08 June 2018 Tsitsi Hatendi-Matika, Absa
Tsitsi Hatendi-Matika is Head of Retail Investment Specialist at Absa’s Wealth and Investment Management unit.

Tsitsi Hatendi-Matika is Head of Retail Investment Specialist at Absa’s Wealth and Investment Management unit.

The petrol pump price being at highest historical levels brings many questions to mind.

How is petrol price calculated in South Africa?

According to the South African Petroleum Industry Association, the Government regulates price and these are recalibrated on the first Wednesday of every month. The Central Energy Fund (CEF) does the calculation on behalf of the Department of Energy (DOE). There are several factors at play:

• International factors and external factors
The Basic Fuel Price (BFP) is the cost to an importer to buy petrol from a refinery and get it to South Africa (SA). The dollar/rand exchange rate introduces volatility into this number
• Local factors and internal factors

The local factors are things like cost of shipping and other related costs such as transportation, service costs, taxes, and levies, wholesale and retail margins.

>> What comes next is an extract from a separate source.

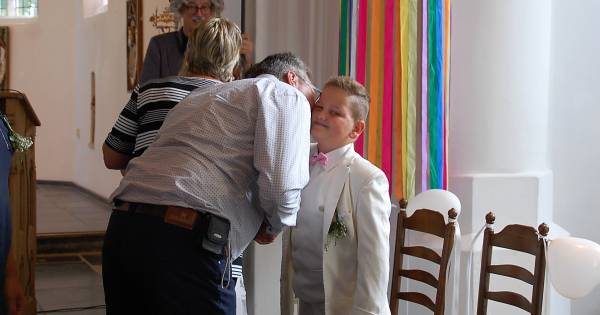 Doodzieke Jayden (10) krijgt sprookjeshuwelijk met oppas in Middelbeers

Source: South African Petroleum Industry Association

Diesel prices are not regulated, which is one of the reasons why diesel ends up being cheaper as petrol importers try to keep the margins on the two products similar. The total dollar basic price is converted using the dollar/rand exchange rate at 11 am South African time. The rand has weakened by nearly 1.5% YTD and oil has increased by just under 13% YTD. That combination spells trouble for consumers.

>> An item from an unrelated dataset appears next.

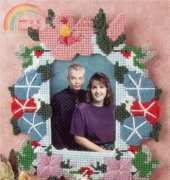 Plastic Canvas-Hummingbird Frame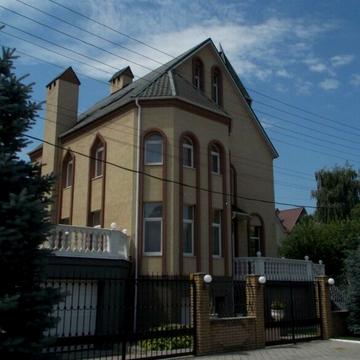 Зоряна вул.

How much do fuel levies contribute to the overall picture?

In the 2018/19 National budget, National treasury pencilled in R77.5bn in revenues from fuel levies alone. The fuel levy contributes close to 6% to the gross tax revenues of the country. The 52 c/litre increase this year, which was a combination of the 22 c/litre increase in the general fuel levy and 30 c/litre in the Road Accident Fund levy took the total fuel tax from R4.82 to R5.34. While this was 38.4% of the total pump price at the time of the budget, it is worth noting that as at June 2018 fuel taxes are now around 34%. The reduced percentage is attributable to the higher price without taxes, driven by the weaker rand and higher oil prices as mentioned. Without the taxes, one would pay R10.20 versus the current R15.54.

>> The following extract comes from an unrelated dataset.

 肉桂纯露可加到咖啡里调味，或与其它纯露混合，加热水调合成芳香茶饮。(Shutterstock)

Source: National Treasury, ABSA WIMI

What does this all mean?

May Naamsa vehicle sales show that Toyota sold 10 688 of the 42 984 total vehicles sold in the month, putting them in the lead at just under 25% of the total market. Given that the demand for Toyota in SA is currently high, the example below uses Toyota’s to estimate the impact on consumers. At R15.54 per/ litre, a person driving a Yaris would have gone from paying R487.80 in February 2017 to R559.44 in February this year, meaning they would require an extra R72 per tank. A person driving a car with a much bigger tank, such as the Fortuner, would need an extra R179 to fill up their tank. The change is 22% since 2016 and 15% since February 2017.

Source: National Treasury, ABSA WIMI

When all is said and done, these increases are not only putting pressure on the consumer, but they will also feed into the inflation numbers, adding risks to the upside. The South African Reserve Bank (SARB) Monetary Policy Committee (MPC) will take all this into consideration when deciding the path of interest rates going forward.